The Independent National Electoral Commission (INEC) has urged the National Assembly and other stakeholders to expedite action on the bill to establish the National Electoral Offences Commission/Tribunal ahead of the 2019 general elections.
The Commission also disclosed that it recorded 1,080 cases of electoral offences during the 2015 general elections and subsequent bye-elections.
INEC chairman, Prof. Mahmood Yakubu, stated these in a memorandum he submitted to the Senate joint committee on INEC and the Judiciary on Monday.
He said 124 of the cases were filed and 60 convictions secured in various courts across the country.
Yakubu expressed dismay that reports of the Electoral Reform Committee (the Uwais Report) of 2008 and the Post-election Violence (Lemu Report) 2011 have been left to gather dusts on the shelves.
He said the two reports recommended the establishment of the Electoral Offences Commission/Tribunal to address all forms of electoral violence and impunity that had continued to undermine the stability of the nation’s democracy.
Yakubu lamented the fact that though INEC has the powers to prosecute, it lacks the powers to effect the arrest of electoral offenders.
This, he said has continued to hamper effective prosecution of electoral offenders.
Yakubu said: “While the Uwais Report was transmitted by the executive to the National Assembly in 2010, the White Paper on recommendations of the Lemu Report directed the Office of the Attorney General of the Federation and Minster of Justice to take steps towards the establishment of the Electoral Offences Tribunal.
“Nearly a decade later, there has been no legislative action on these aspects of the recommendations of the Uwais and Lemu reports, making the present effort by the Senate and the concurrent effort by the House of Representatives a welcome development.
“The failure to systematically and consistently enforce sanctions has encouraged impunity and the violence that often characterised electoral contest in Nigeria, thereby subverting the will of the people and undermining the nation’s electoral democracy.

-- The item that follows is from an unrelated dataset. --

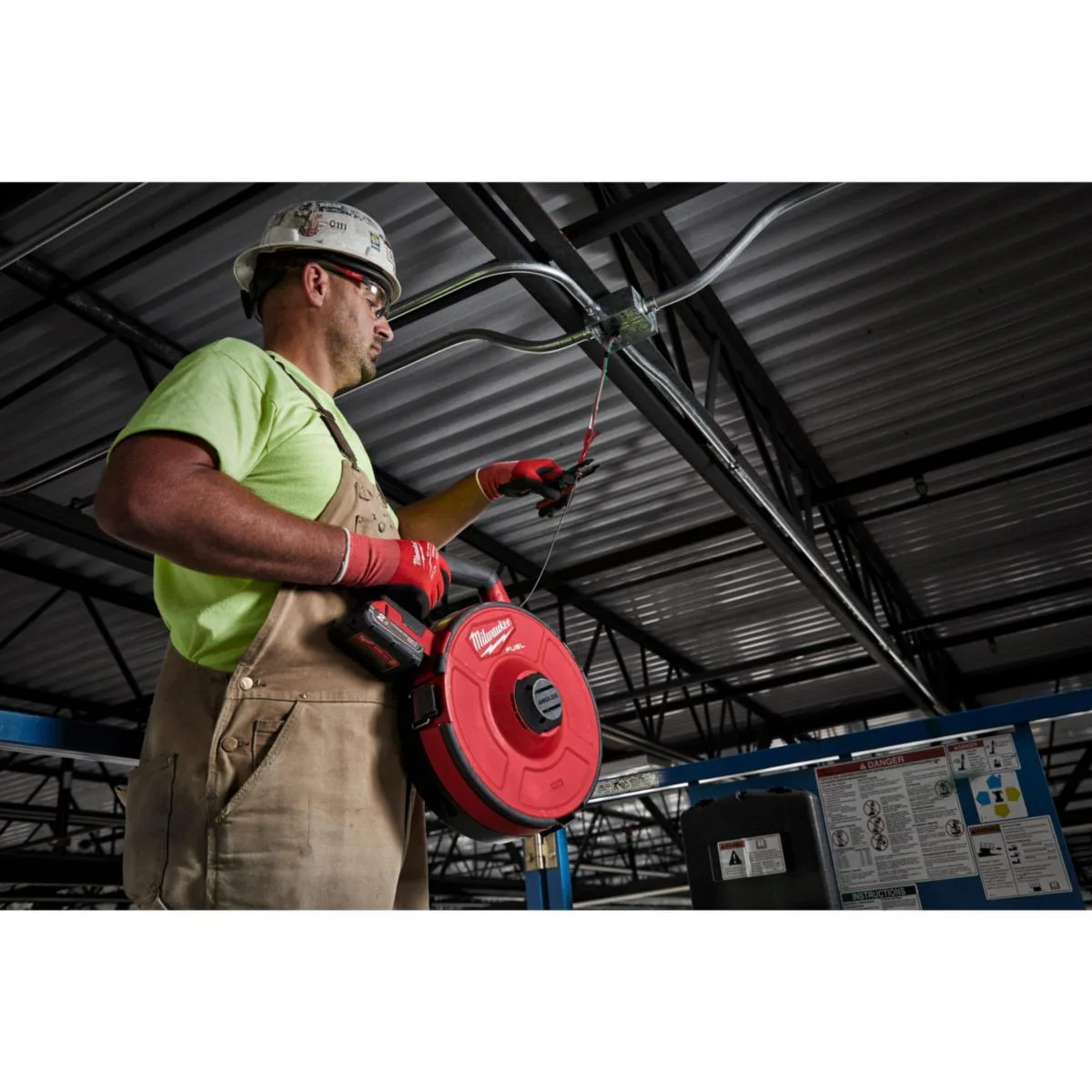 Kaapelin Akkuvetolaite Milwaukee M18 Fpft-0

“At present, INEC is saddled with the responsibility of prosecuting electoral offender. Section 150(1) and (2) of the Electoral Act 2010 (as amended) empowered INEC to prosecute electoral offenders through its legal officers or any legal practitioner appointed by it without the powers to arrest and investigate thus depending on the police for this purpose.
“Without the capacity to make arrest and investigate violations, the prosecutorial role is severely hampered. INEC cannot effectively focus on this role given its other variegated responsibilities under the Constitution of the Federal Republic of Nigeria 1999 (as amended) and the Electoral Act 2010 (as amended).”